# Input for this task
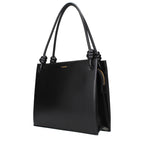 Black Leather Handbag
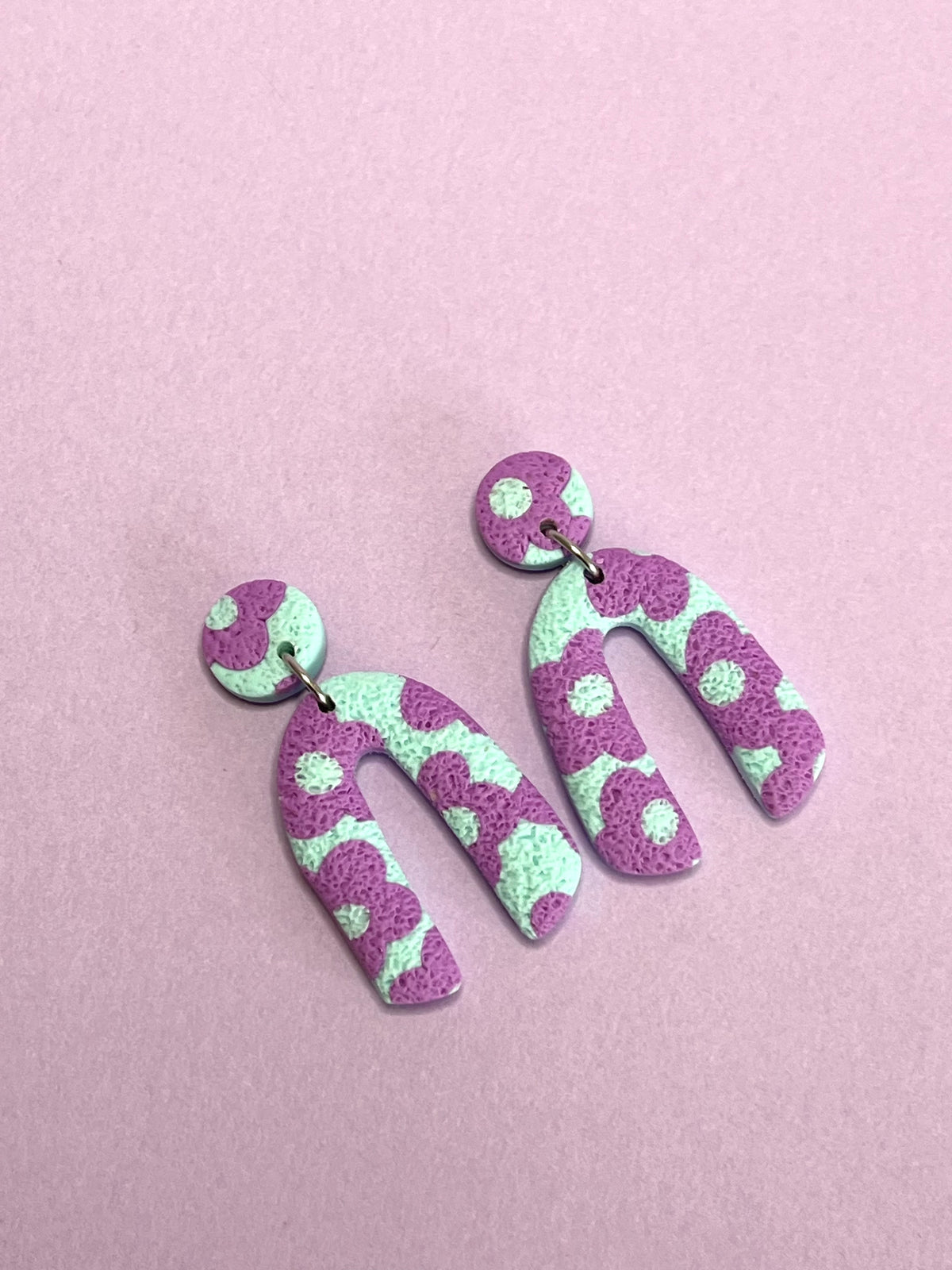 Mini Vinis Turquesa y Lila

* * *

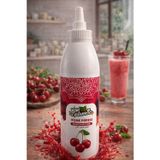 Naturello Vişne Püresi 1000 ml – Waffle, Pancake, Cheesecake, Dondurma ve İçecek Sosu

# Work to complete
Among the lines above, the one with "Black Leather Handbag" opens the part to repeat and the one with "Mini Vinis Turquesa y Lila" closes it; repeat only that part exactly, with no pictures.

# Reply to the task
 Black Leather Handbag
 Mini Vinis Turquesa y Lila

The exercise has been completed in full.